Epic claimed they were using what they call "hyper optimised compute shaders" on the UE5 demo on PS5 as well Primitive Shaders which the engine also supports. Makes sense considering the stupid amounts of polygons they were pushing in scene.

Primitive Shaders are also similar to Mesh Shaders in terms of the raw performance gains they offer, only difference is PS modify the traditional graphics pipeline whilst MS introduce a new pipeline.

jwi8Hy3.jpg
 

Riky

$MSFT
I think we'll start seeing Sampler Feedback Streaming first, from what people have said Mesh Shaders in engine is further out.
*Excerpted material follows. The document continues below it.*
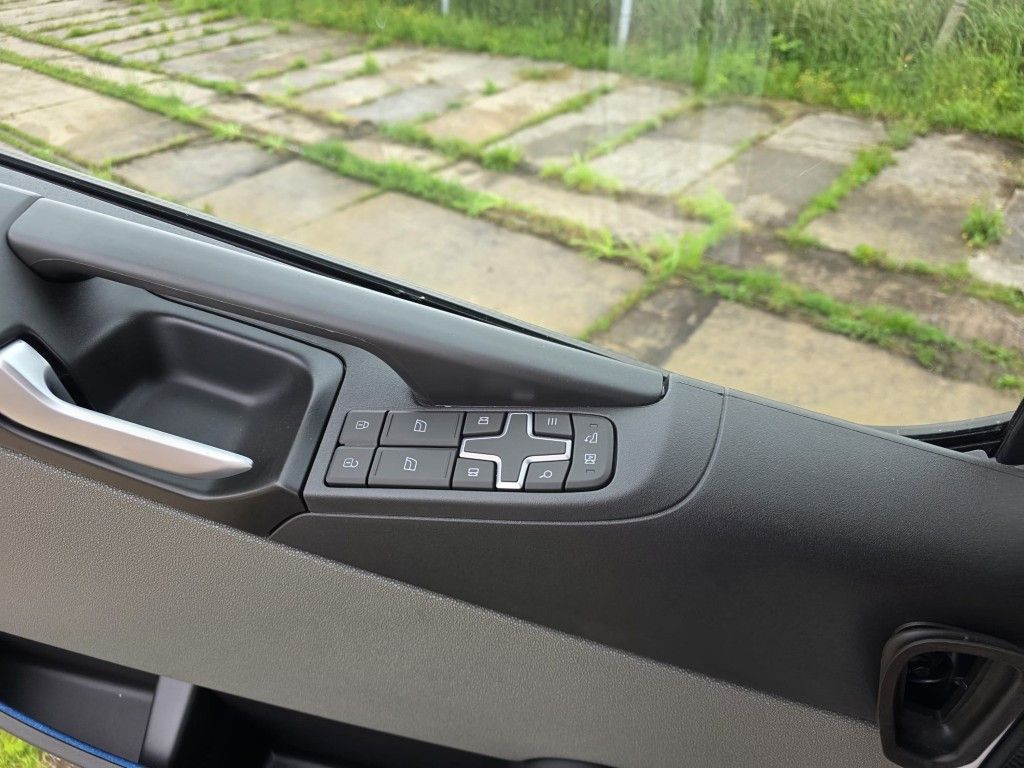 Fahrzeugabbildung Volvo Volvo 460 neues Modell, Tageszulassung, 2 Kreis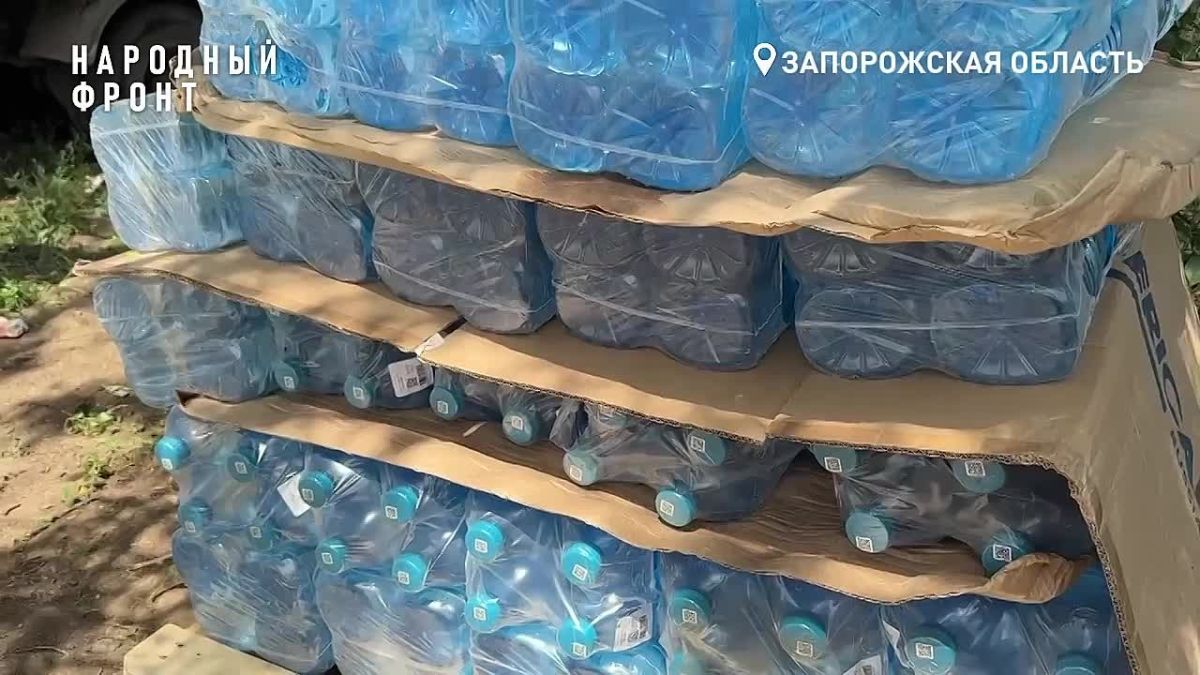 В жару вода — это жизнь. Народный фронт доставил бойцам 1020 бутылок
Jason Ronald said he expected to see SFS in use 2022, which makes sense as Microsoft first party seem to be going next gen only after Halo Infinite.
 

Sosokrates

Report me if I continue to console war
Epic claimed they were using what they call "hyper optimised compute shaders" on the UE5 demo on PS5 as well Primitive Shaders which the engine also supports. Makes sense considering the stupid amounts of polygons they were pushing in scene.

Primitive Shaders are also similar to Mesh Shaders in terms of the raw performance gains they offer, only difference is PS modify the traditional graphics pipeline whilst MS introduce a new pipeline.

jwi8Hy3.jpg
Primitive shaders are similar but mesh shaders are slightly better. Thats what Alex from DF said anyway.
But with UE5 being so custom, compute performance seems to be the most important thing in determining performance.
 

Lethal01

Member
People won't be discussing Mesh shader performance improvements until they see it with their own eyes.

Indeed, there is a big gap between, "I heard that some test show a consistent 2x performance increase"
And a game that runs 2x better due to mesh shaders.
 

Lethal01

Member
That's only if they're expecting it to do what Series X and PS5 does. It doesn't have to. It only needs to do what it can do at lower resolutions, which will be a whole hell of a lot more just with Sampler Feedback Streaming coming into play before Mesh Shaders.

Series S is due at some point this gen along with Series X to get a pretty nice boost in RAM efficiency thanks to SFS. If a hypothetical game on Series S right now is using 4GB of RAM for textures, that would become roughly 1.6GB total with Sampler Feedback Streaming. That single change in how games are developed would give Series S 12.4GB of effective RAM as opposed to its current maximum of 10GB. Suddenly Series S would be just over 1GB of effective RAM behind Series X's total available RAM for games, not accounting for SFS being used on Series X.

Series S has 10GB of RAM total. 8GB @ 224GB/s & 2GB @ 56GB/s. It could become a hypothetical 12.4GB effective RAM with SFS if the game needs 4GB for its texture budget.

If XSX, XSS and PS5 all start using more advanced streaming techniques like people are claiming they will then Series S will still keep being a bottleneck.
 

ZehDon

Member


Starts talking about it at 32.20

That video is well above my knowledge level, but at like 32.29 he says "primitive and mesh shaders can be faster but are still bottlenecked and not designed for this"

But hes talking about rasterization, so maybe primitive and mesh shaders will have other good uses.


From watching that video it seem UE5 benifits from compute, the more compute the better.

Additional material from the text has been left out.